Qualche anno fa mi capitò di imbattermi in una frase molto intrigante, che ancora mi risuona in testa: “Tradurre è tradire”. Nel breve articolo che mi appresto a scrivere proverò a mettere ordine alle riflessioni scaturite intorno a questa idea, al suo significato e alle implicazioni che può avere nel nostro modo di fruire i prodotti artistici.
Nel mondo del cinema ad esempio, con “traduzione” si intende l’adattamento, il doppiaggio delle battute di un film in una lingua diversa da quella originale. Queste traduzioni talvolta aprono discussioni infinite.
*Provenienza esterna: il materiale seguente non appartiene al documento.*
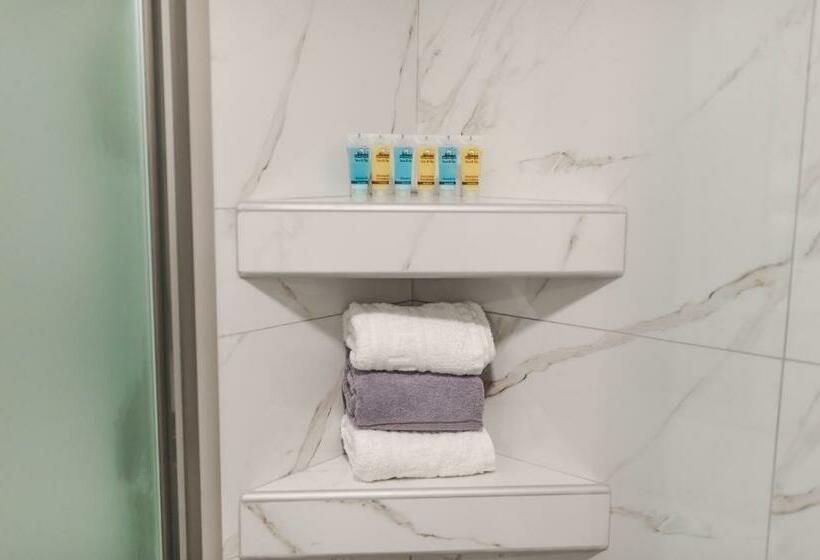 스탠다드 스튜디오, Zante Atlantis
Basandomi sul cinema e sulla letteratura si può affermare che tradurre è tradire, sempre e comunque? Io credo di sì. Come ripete spesso un mio caro amico: “Quando vediamo un film doppiato non stiamo guardando l’opera originale, ma un'altra opera”.
È proprio così. In un film le parole non sono meno importanti delle inquadrature e ci sono, infatti, vari tradimenti durante tutta la fase di traduzione. Il primo avviene con l’interpretazione personale del traduttore; il secondo consiste nell’espressione, in un linguaggio diverso da quello originale, di ciò che è stato interpretato. Qui si pone un ulteriore problema: nessuna lingua può avere le parole per tradurre ogni singolo pensiero in modo fedele e anche se le avesse sarebbero difficilmente conoscibili da una sola persona. Infine il terzo tradimento è quello compiuto dal lettore, che leggendo la traduzione interpreta a sua volta il testo.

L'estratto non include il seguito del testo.